Il ne fallut pas longtemps avant qu’un accord soit trouvé sur certains principes de base, sur un ordre du jour et sur la forme que devaient prendre les négociations. Celles-ci sont énoncées dans des déclarations communes des 5 et 10 août. Il fut décidé de créer trois commissions, dont deux politiques et la troisième militaire, pour parvenir à un accord sur les différents problèmes en cause. Les commissions ont commencé leurs travaux le 29 septembre et, le 31 octobre, un accord complet avait été conclu sur les détails précis de l’exécution du cessez-le-feu (Depuis que Souvanna Phouma avait pris ses fonctions de Premier ministre, il n’y avait eu pratiquement aucune activité sur le front). Deux jours plus tard, la première commission politique parvenait à un accord sur « les voies et moyens d’appliquer une politique de paix et de neutralité » et tombait entièrement dans le cadre de l’accord de Genève.

L’Accord appelait à une politique étrangère fondée sur les cinq principes de coexistence pacifique ; l’aide de tous les pays désireux d’aider le Laos « sans aucune condition politique ou économique », et l’établissement immédiat de relations diplomatiques avec tous les pays voisins. Il proclame que le Laos « n’adhérera à aucune alliance militaire et ne permettra à aucun pays d’établir ses bases militaires sur le territoire laotien en dehors de celles envisagées dans les accords de Genève ».

Un troisième accord, signé le 24 décembre, garantit les droits civiques aux membres et sympathisants des forces du Pathet Lao, ainsi qu’aux anciens résistants dans tout le pays, « conformément à l’esprit de réconciliation nationale et d’unification de la Patrie et conformément aux aspirations de tout le peuple ».

En outre, le Neo Lao Haksat (Front National Uni Laotien, créé en janvier 1956 comme une version encore plus large du Front Lao Itsala) et tous ses affiliés ont été reconnus comme des organisations politiques légales.
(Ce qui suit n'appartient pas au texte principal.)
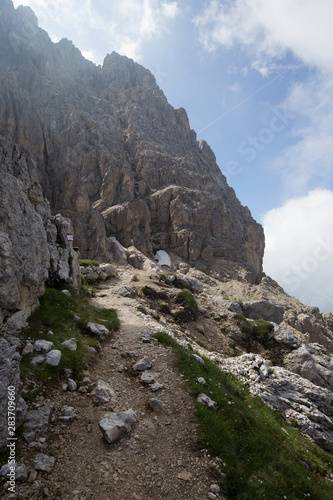 Trip over Tschager Joch, Rosengarten photo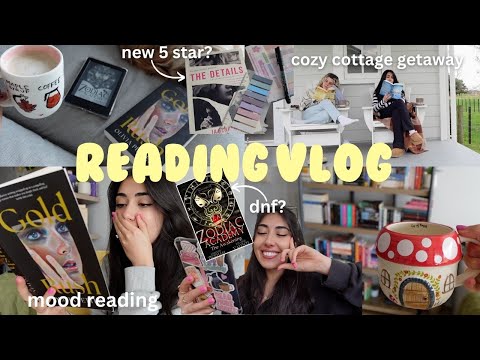 mood reading vlog📚❣️cozy cottage getaway, new 5 star read, dnf and more🧸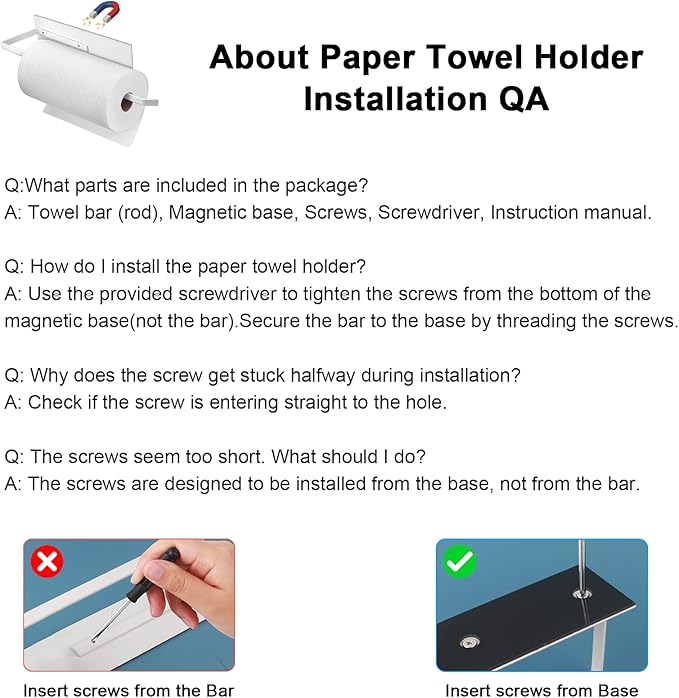 Magnetic Paper Towel Holder for Fridge, Toilet Paper Roll Holder Magnetic Paper - Image 8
Ce serait une infraction punissable de prendre des mesures disciplinaires ou discriminatoires à l’encontre des membres et sympathisants du Pathet Lao ou d’imposer des restrictions à leurs libertés démocratiques en raison de « l’activité militaire, politique ou administrative exercée du 9 mars 1945 à ce jour ». Le personnel du Pathet Lao serait intégré dans les différents services administratifs et techniques en fonction de ses fonctions et de ses rangs dans l’administration du Pathet Lao, avec les mêmes priorités et privilèges que les membres du gouvernement royal.

La joie régnait dans tout le pays lorsque ces trois accords ont été couronnés le 28 décembre par un communiqué conjoint publié par Souvanna Phouma et Souphanouvong annonçant l’intention de former un gouvernement d’union nationale avec la participation du Pathet Lao.

Après la formation du nouveau gouvernement, le Neo Lao Haksat commencerait à fonctionner comme n’importe quel autre parti politique. En ce qui concerne les deux provinces du nord, poursuit le communiqué, « les deux princes ont convenu qu’immédiatement après la formation du gouvernement d’union nationale, l’administration ainsi que les unités de combat dans les deux provinces de Phong Saly et de Sam Neua seraient placées sous le contrôle dudit gouvernement ».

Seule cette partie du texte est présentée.